Purely, in terms of electoral politics, which has somehow become a major obsession with all the dalit parties, Kanshi Ram’s strategy proved quite effective, albeit in only certain parts of the country. He gave a qualitative impetus to moribund dalit politics, locating itself in the wider space peopled by the downtrodden. But he identified these people in terms of their castes and communities. Notwithstanding the fact that the bahujan identity as coined by him is really a contradiction in terms, many people had believed in it but none knew how to gear it into action. Kanshi Ram seemingly succeeded in this task, at least in symbolic terms. Careful analysis may, however, reveal that a combination of certain historical developments and situational factors made possible much of this success. As he himself experienced, the political gains that he made were not replicable elsewhere. As such, these gains are bound to be short-lived and illusory unless they are built upon to implement a radical programme to forge a class identity among the constituents. In the absence of such a class-agenda, which is certainly a far cry with the BSP, the party was bound to degenerate into manipulative politics to grab government power. The BSP’s unprincipled pursuit of power is basically driven by this exigency. It is futile to see in this manipulative game a process of empowerment of the subject people. The imperatives of this kind of strategy necessarily catapult a significant part of the dalit movement into the camp of the ruling classes as has happened with the BSP. The BSP’s electoral parleys with all and sundry of the ruling classes essentially reflects this process of degeneration and exposes its own class character.

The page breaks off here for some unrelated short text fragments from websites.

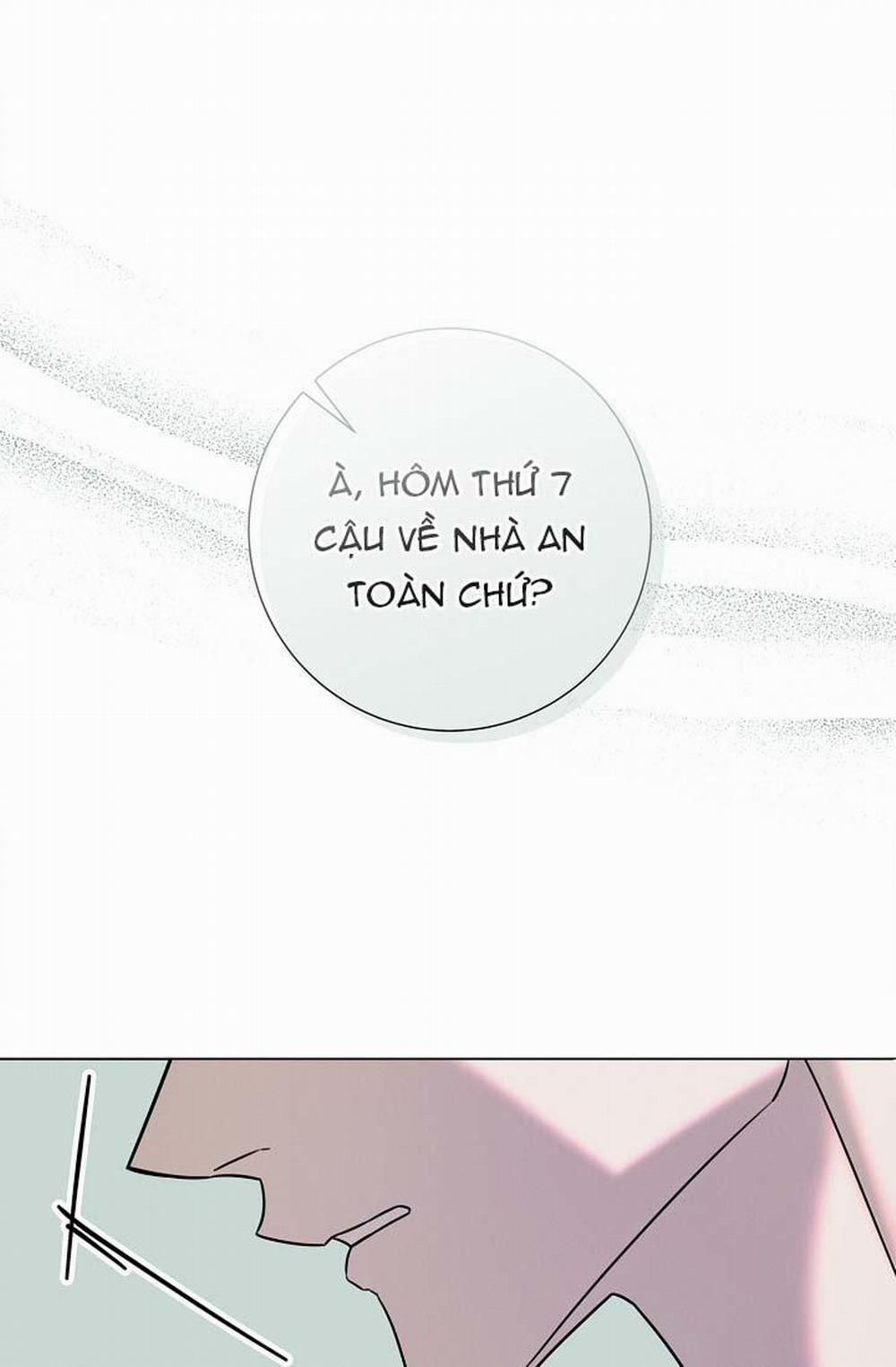 Màn Đêm Không Lối 3 trang 23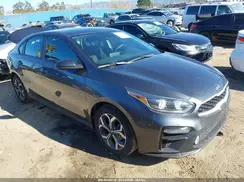 3KPF24AD4LE243531 2020 KIA FORTE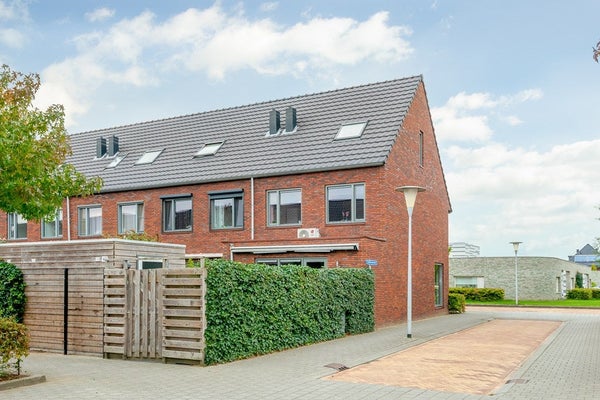 House Exterior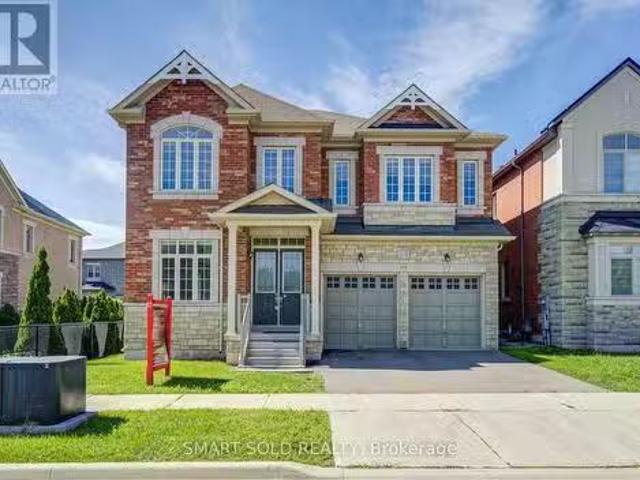 3178 Buttonbush Trail, Oakville, ON, L6H 0T4 house for sale.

It is not easy to assess Kanshi Ram, either as a leader or as a legacy. Most of his obituaries customarily showered praises and paid eulogy to him as the messiah of dalits. His detractors however differ. The unprincipled pursuit of governmental power that he represented, falsely projecting this as bestowing political power to dalits, to the detriment of every other aspect of the dalit movement has certainly been a great negative. Whether in the long run, his model of politics furthers the dalit cause or hampers it is a question that can be posed but not easily answered.